Pribadi fitri yang teguh menebarkan kedamaian inilah wujud transformasi dari taqwa. Menurut Yudi Latif (2007), takwa transformatif mengandung makna bahwa puasa memberikan energi besar dalam melakukan perubahan secara menyeluruh, baik vertical maupun horizontal. Yakni komitmen pribadi yang bertujuan mendidik dan membersihkan jiwa, mengangkat kekelaman batin manusia dan menyinarinya dengan sinar-sinar ketuhanan, menumbuhkan potensi dalam ruh serta menyiapkannya dalam rangkaian tajalli ilahi (pengejawantahan ketuhanan). Dan pemaknaan sosial sebagai sarana pendidikan ke arah nilai-nilai luhur dalam tata kehidupan kemasyarakatan.
Prinsip taqwa yang terbentuk pada orang yang berpuasa bermakna bahwa puasa mampu mencipta orang yang mampu melakukan perubahan sosial dan mampu mencerahkan kehidupan di masyarakat. Taqwa tidaklah milik orang itu saja, tetapi taqwa harus hadir dan memberikan kemanfataan kepada orang lain. Selama orang mengaku bertaqwa namuan tanpa memberikan kemanfataan, kemaslahatan, dan kesejahteraan bagi orang lain, maka taqwanya itu non sense dan palsu. Taqwa palsu bukan hanya tidak mampu memberikan kemanfaatan, tetapi malah merusak tatanan masyarakat. karena taqwa palsu hanya dimiliki orang-orang yang berhati curang dan munafik.

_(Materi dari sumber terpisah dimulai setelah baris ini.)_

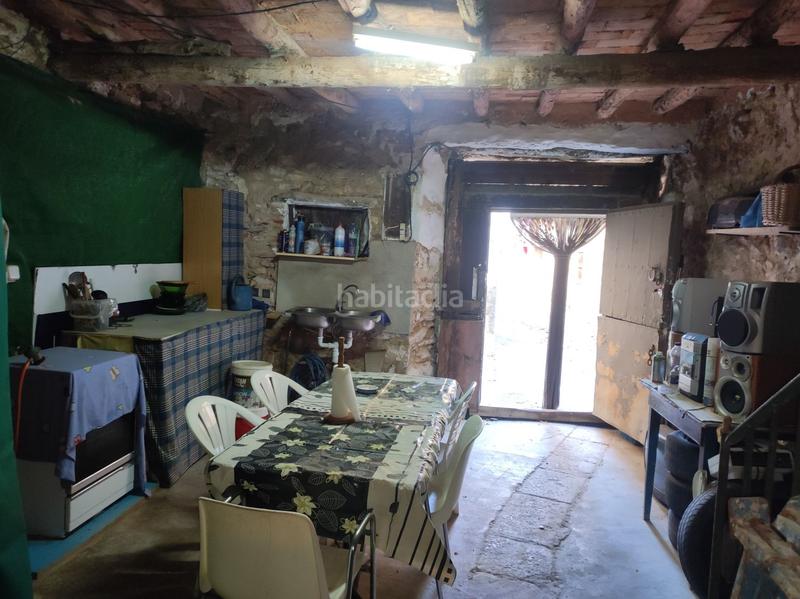 Foto 08168156-7e52-4e86-b1b9-fd343840a45f. Casa en roquetes 11 casa en venta . en Ulldecona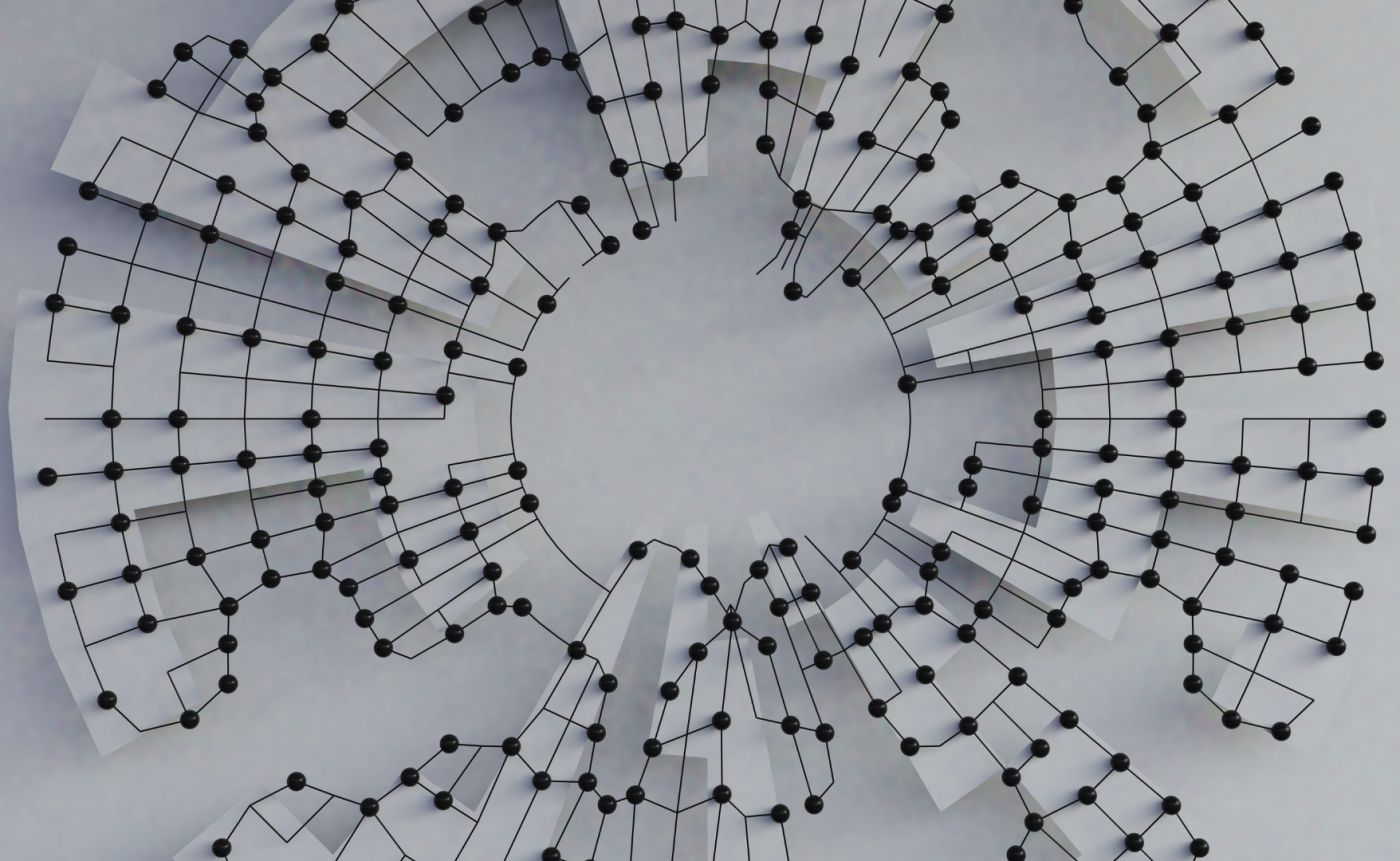 Dr Raylene Watson from Ernst & Young Advisory Services, joins our Branch Council in South Africa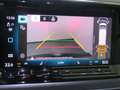 Volkswagen T7 Multivan VW T7 Multivan Business eHybrid 180 kW 4MOTION Schwarz - thumbnail 19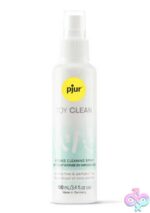 Pjur Toy Cleaner 100ml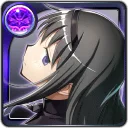 Homura Akemi
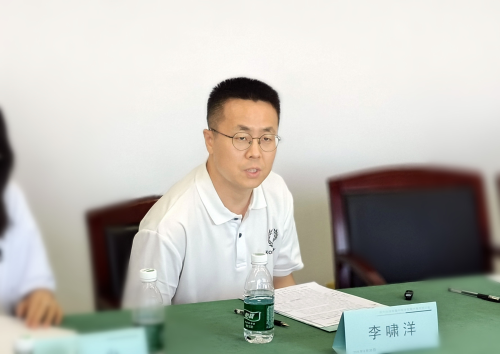 图片11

Makna taqwa dalam transformasi sosial inilah yang tepat dioperasionalisasikan dalam agenda deradikalisasi. Momentum idul fitri menjadi sangat tepat melakukan proses transformasi makna fitri, sehingga keseharian masyarakat pasca lebaran mencerminkan nilai-nilai taqwa dalam perilaku sosial kemasyarakatan. Praktek kekerasan, bom bunuh diri, dan radikalisasi gerakan menjadi medan perjuangan manusia fitri untuk mentransformasikan ajaran agama dalam keseharian. Energi sebulan selama ramadan justru diuji secara nyata untuk meneguhkan diri sebagai sosok fitri yang siap berjuang membangun peradaban bangsa.
Sekali lagi, ketaqwaan transformatif akan sangat dibutuhkan, karena karakter muslim yang taqwa akan selalu menjadi pembaharu, pencerah kehidupan, dan penebar keharmonisan sosial.
Merekatkan Persaudaraan
Hiruk-pikuk masyarakat dalam idul fitri adalah saling memaafkan. Ini semua untuk merekatkan kembali persaudaraan. Walaupun gaya perayaan berbeda, tetapi spirit persaudaraan membuat masyarakat menggapai kemenangan: menang dengan menggapai kesucian. Prediket sosok yang suci yang digenggam umat Islam harus mampu dioperasionalisasikan dalam momen solidaritas sosial di tengah-tengah masyarakat. Sosok yang suci diharapkan mampu menemukan dirinya sendiri sebagai manusia sejati yang selalu memberikan kasih sayang, kedamaian, dan saling tolong antar sesama.
Kedalaman seorang Muslim dalam penghayatan agama sesungguhnya akan memberikan pemahaman yang sejati, yang menganggap dirinya dan orang lain sebagai makhluk Tuhan yang sama. Sehingga yang terjadi adalah sikap transhuman, kesadaran lintas kemanusiaan yang tidak tersekat dalam pemahaman primordial sempit serta menjungjung nilai keberagaman sebagai rahmat dari yang kuasa. Tidak lagi ada semacam “teologi keselamatan” dalam menentukan masa depannya, sehingga menganggap dan memberi orang lain kesempatan sama dalam menempuh kebenaran sejati.